The prolonged uncertainty inhibits investment and makes it hard for automakers to plan for the future, he says. “The sooner it’s resolved, the better — not only for manufacturers but also for the economy.”
An issue of national security?
So, how do car imports imperil national defense? Experts are skeptical, to say the least, that there’s any persuasive argument to be made. But no one knows exactly what the administration’s argument would be.
In February, the Commerce Department submitted a report on the topic, but it has never been made public. Even Sen. Chuck Grassley, the Republican chairman of the Senate Finance Committee, hasn’t seen it — despite making multiple requests to the administration.
But it may not matter how robust the logic is. The president’s authority under Section 232 is broad, and historically, the courts and Congress have been reluctant to challenge determinations of national security.
Gary Hufbauer, a nonresident senior fellow at the Peterson Institute for International Economics, says the World Trade Organization has also been reluctant to challenge any trade policies claimed for reasons of national security.
As a result, “from President Trump’s standpoint the use of this section has been very attractive,” he says.
Before this administration, the law was rarely invoked.
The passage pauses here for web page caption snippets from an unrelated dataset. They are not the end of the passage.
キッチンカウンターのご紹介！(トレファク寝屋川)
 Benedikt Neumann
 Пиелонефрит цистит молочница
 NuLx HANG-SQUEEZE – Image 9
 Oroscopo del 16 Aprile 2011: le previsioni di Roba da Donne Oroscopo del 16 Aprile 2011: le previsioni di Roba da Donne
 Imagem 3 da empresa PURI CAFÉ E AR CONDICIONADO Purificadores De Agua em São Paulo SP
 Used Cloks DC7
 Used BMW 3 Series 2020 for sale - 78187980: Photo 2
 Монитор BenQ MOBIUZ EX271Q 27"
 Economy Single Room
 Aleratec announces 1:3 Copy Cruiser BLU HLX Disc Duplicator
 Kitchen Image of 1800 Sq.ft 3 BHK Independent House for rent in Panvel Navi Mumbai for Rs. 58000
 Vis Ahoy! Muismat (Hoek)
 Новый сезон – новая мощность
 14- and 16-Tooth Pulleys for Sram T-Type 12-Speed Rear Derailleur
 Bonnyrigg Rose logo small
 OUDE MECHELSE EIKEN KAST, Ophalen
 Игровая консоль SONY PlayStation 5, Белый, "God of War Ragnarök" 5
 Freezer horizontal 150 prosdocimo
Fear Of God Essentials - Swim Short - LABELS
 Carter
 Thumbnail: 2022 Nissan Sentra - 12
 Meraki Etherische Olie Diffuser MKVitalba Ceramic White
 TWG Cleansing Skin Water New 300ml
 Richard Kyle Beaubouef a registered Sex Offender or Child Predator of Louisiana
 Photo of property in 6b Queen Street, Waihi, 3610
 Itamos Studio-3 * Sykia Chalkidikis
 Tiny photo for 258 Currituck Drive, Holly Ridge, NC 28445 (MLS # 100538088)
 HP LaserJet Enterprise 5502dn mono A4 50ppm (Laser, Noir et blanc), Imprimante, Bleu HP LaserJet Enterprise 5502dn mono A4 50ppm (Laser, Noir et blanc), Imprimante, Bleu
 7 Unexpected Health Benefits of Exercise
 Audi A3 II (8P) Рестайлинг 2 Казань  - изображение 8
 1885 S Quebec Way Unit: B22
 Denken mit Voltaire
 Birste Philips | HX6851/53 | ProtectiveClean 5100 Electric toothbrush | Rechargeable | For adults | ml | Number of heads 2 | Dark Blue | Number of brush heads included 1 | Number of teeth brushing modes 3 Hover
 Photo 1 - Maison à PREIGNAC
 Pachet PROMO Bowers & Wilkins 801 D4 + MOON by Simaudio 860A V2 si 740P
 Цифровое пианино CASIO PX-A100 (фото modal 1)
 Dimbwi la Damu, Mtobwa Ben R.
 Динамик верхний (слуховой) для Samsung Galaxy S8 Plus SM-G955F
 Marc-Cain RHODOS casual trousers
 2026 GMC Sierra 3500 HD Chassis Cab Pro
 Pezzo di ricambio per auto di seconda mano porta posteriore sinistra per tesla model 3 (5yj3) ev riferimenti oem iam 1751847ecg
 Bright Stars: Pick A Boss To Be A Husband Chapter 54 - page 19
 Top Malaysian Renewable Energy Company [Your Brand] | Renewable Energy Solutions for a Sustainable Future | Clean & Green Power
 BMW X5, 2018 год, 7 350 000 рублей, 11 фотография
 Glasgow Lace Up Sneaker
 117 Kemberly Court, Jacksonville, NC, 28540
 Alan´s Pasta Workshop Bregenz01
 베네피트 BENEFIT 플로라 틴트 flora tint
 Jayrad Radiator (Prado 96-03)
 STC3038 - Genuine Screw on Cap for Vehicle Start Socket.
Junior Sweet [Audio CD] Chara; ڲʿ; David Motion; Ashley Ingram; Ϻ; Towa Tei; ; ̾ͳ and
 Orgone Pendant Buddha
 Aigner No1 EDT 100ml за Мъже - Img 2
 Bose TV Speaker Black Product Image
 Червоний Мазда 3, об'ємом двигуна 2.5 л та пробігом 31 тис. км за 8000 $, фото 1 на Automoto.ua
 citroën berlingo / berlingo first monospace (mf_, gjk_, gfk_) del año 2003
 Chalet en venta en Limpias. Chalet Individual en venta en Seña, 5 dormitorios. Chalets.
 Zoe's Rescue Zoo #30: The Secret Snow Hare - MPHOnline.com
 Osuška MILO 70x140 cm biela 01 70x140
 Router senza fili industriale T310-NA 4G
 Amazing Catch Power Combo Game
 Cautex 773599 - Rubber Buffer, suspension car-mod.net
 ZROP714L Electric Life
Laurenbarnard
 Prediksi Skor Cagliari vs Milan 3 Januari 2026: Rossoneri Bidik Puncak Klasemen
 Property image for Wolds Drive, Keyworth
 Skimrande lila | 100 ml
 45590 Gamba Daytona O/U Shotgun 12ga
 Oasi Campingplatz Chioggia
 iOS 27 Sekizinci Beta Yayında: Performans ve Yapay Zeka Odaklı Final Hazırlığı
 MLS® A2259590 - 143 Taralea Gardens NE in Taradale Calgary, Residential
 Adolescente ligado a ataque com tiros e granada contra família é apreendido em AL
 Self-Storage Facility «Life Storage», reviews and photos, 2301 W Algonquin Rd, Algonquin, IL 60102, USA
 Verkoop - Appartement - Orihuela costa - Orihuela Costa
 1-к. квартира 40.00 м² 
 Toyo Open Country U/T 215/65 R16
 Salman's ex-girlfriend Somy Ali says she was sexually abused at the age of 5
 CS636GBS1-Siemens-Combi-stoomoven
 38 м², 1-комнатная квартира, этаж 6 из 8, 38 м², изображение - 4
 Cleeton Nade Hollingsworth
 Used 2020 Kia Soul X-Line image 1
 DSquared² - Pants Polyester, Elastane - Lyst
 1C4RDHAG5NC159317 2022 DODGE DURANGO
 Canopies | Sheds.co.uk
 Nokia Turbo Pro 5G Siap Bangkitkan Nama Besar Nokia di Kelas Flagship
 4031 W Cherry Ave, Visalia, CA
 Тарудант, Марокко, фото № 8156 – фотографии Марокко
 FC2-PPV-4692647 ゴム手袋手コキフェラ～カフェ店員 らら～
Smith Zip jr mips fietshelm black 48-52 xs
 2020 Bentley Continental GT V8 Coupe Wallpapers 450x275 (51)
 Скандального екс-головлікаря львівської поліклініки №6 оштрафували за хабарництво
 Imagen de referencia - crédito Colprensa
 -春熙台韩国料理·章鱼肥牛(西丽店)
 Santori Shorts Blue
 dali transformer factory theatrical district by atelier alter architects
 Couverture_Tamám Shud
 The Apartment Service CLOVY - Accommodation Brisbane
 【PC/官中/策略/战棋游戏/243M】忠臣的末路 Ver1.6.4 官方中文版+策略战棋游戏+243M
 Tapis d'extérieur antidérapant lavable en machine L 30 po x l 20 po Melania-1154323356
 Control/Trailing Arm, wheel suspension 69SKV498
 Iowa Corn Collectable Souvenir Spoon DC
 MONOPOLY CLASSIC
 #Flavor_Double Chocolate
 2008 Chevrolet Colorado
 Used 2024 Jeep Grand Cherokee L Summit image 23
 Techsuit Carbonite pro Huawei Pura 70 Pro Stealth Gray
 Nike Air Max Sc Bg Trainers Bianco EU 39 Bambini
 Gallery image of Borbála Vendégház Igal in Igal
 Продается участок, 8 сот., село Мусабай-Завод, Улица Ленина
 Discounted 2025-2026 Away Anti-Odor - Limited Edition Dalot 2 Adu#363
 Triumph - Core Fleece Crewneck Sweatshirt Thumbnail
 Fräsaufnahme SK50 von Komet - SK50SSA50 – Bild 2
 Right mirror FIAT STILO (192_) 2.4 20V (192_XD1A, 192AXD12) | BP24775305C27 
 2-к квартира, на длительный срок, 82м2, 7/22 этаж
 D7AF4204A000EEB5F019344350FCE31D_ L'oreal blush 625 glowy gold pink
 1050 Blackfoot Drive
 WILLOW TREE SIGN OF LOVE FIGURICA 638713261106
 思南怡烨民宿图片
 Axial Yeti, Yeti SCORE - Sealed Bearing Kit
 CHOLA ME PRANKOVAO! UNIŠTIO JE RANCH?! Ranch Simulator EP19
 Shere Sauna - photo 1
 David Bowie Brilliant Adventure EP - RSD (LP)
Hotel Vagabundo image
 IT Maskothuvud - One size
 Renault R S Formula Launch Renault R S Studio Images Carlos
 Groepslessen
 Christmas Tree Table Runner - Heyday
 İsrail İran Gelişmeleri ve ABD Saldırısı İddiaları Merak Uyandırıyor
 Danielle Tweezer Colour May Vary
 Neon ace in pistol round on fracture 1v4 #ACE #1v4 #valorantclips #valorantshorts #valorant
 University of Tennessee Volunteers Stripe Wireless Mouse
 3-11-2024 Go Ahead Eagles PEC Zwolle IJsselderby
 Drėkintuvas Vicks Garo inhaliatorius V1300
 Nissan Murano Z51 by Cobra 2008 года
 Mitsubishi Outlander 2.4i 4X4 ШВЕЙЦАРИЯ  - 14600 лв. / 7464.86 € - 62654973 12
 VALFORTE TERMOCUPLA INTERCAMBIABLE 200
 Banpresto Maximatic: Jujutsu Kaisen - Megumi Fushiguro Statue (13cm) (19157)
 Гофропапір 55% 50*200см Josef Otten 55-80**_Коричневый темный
The president’s use of the section has raised some eyebrows in Congress, and a pending legal challenge argues that the law gives the president too much leeway.
Hufbauer notes that Section 232 is a Cold War-era statute.
“During wartime, Congress gives lots of power to the president,” he says. “At this time, when things are completely different and when we’re talking about … trade with allies, it’s very odd.”
When “buying American” isn’t an option
Trump has repeatedly defended his trade policies by saying tariffs can be avoided by supporting U.S. manufacturers. But while auto tariffs would target imports, American companies would inevitably take a hit.
“There is no such thing as a U.S. vehicle,” says Wilson of the Motor and Equipment Manufacturers Association. “All vehicles that you purchase in the United States … depend on a vibrant global marketplace.”
Cars are made up of thousands of parts, sourced from around the world. In some cases, parts pass back and forth across borders repeatedly.
Consider the seat in a new American-made vehicle. Inside that seat is an electronic sensor — one made by a foreign manufacturer, Wilson says.
The sensors will be imported into the U.S. and programmed. “Then after they’re programmed they are oftentimes sent abroad someplace else, to be put into a larger component,” Wilson says. “Then they’re brought back into the United States so that they could actually become part of that seat.”
All that happens before the seat ever makes it to an auto plant. Multiply this by the multitude of parts inside a car, and even the most American vehicle has been touched by part manufacturers around the world.
As a result, tariffs would raise costs for U.S. manufacturers as well as foreign rivals. And ultimately, the costs could be passed to consumers.
The precise impact depends on how exactly any tariffs would imposed, and which countries might get exemptions. An analysis by the Center for Automotive Research found very narrow tariffs would increase car prices only a few hundred dollars, while a broad tariff would make cars thousands of dollars more expensive: Imported car prices could go up $3,700, and cars made in the U.S. would go up $1,900.
Automakers have already been hurt by existing tariffs, including the steel and aluminum tariffs under Section 232 and the array of tariffs on Chinese goods.
But industry leaders say the specter of auto-specific tariffs is far more concerning.
“The potential [of] upwards of 25% tariffs on vehicles would make the steel and aluminum tariffs look really small,” says Schwietert, of the Auto Alliance.